Ryder Cup loss still weighs on PGA host Love

Davis Love is excited to play host to some of the US PGA's top players when the $4 million McGladrey Classic opens Thursday, but he cannot get the US Ryder Cup loss to Europe off his mind.

Love was the American captain who saw Europe stage the greatest last-day victory fightback on opposing soil in Ryder Cup history to retain the trophy with a 14 1/2-13 1/2 triumph last month.

"I'm still not sleeping well. I still think about things," Love said Wednesday. "We didn't win. So I accept that."

Love ranks 104th on the season money list entering the penultimate event of the campaign, which concludes after next month's event at Disney World. He hopes for a 27th consecutive spot in the top 100 on the PGA money list.

"Playing some good golf but not getting great results," Love said. "But I'm happy to be staying competitive."

Love admits he has played out small choices in his mind that he thinks might have made the difference in an American victory or defeat at the Ryder Cup in Medinah.

"We've been playing that game like everybody else," Love said. "You sit there and go, 'If I had just put the pin left on 17 on Sunday rather than right, would that have made a difference?'

"And the order of play and the pairings and all that, you can go over and over and over. So you keep going back and forth on all the arguments.

"What I've come down to is we really may have dropped the ball on pin placements on the last few holes. We wanted pins on the left and in the middle of the green because a lot of our guys were drawing it in there.

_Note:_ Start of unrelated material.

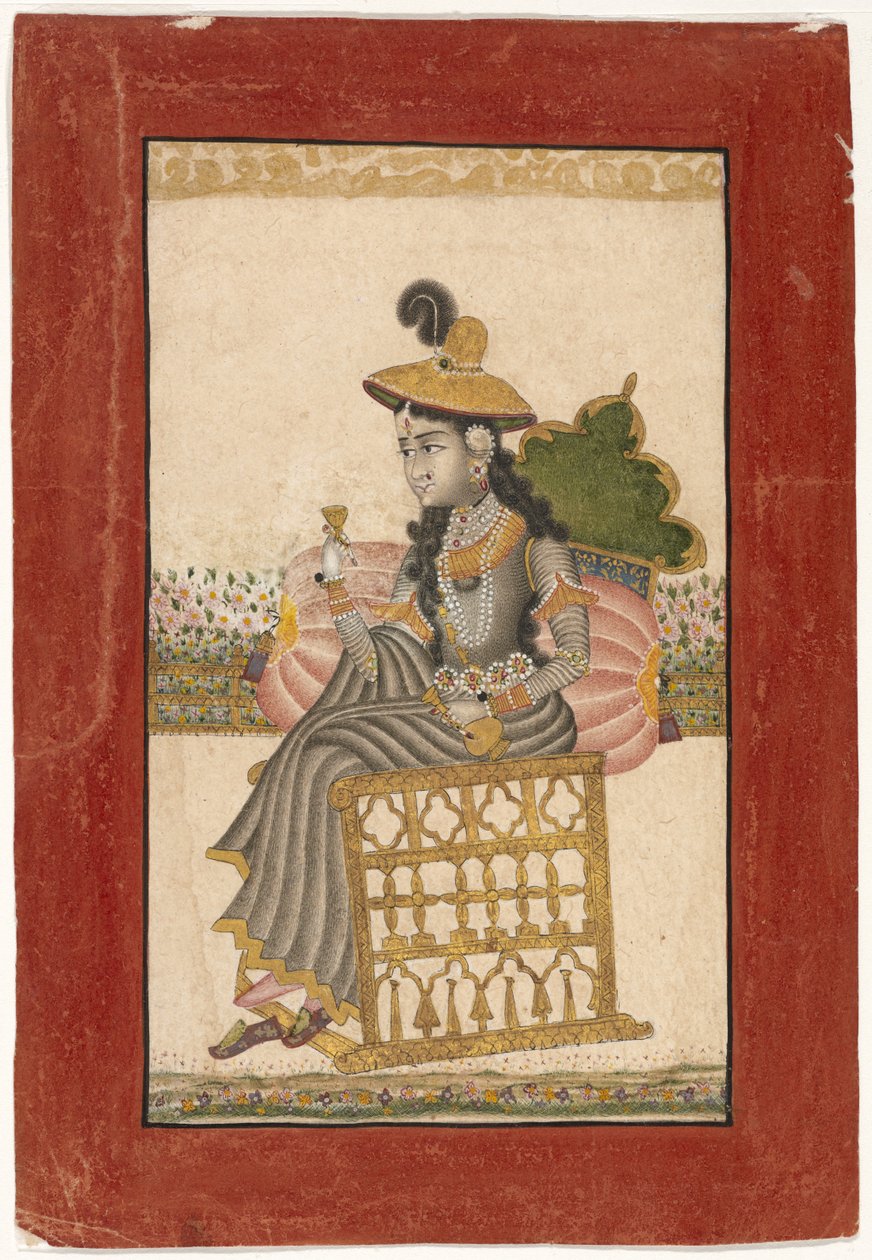 Bejeweled Lady, Kota School, 1690-1720 (guassi kullalla paperilla) tekijältä Indian School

"If I could do something over again, it would be more getting guys thinking about how to play singles and maybe the pins needed to be easier or harder."

Among the entrants this week is Swedish rookie Jonas Blixt, who comes off his first PGA title last week in California after only 19 events.

"I have pretty good confidence in my game right now and the things I've been doing after the win are taking a lot of energy so I will see what my body does and how I respond to it," Blixt said.

"I'd like to kind of sneak under the radar a little bit. I enjoy being by myself and practicing a little bit and stuff like that. I'm not really used to having a camera in my face as much as I've been having the last few days."

Blixt ranks 35th on the money list at just under $2.2 million. To reach his target of a top-30 money showing for the season, and the special invitations it brings, he will need to catch American Ben Curtis, the defedning McGladrey champion on $2.46 million.

"I'm trying to get into the Top 30," Blixt said. "It's not going to be the easiest thing but whenever you got a chance, you've got to try to take it."

Also in the field is Australian Jason Day, who enjoyed his best finish of his injury-nagged season two weeks ago when he was fourth at Las Vegas.

"This year has been very tough," Day said. "Over the past couple of months I've been able to actually get back to practicing, get back to the normal way I prepare for an event."

Day, who shared second at last year's Masters and US Open, ranks 80th on the money list this season.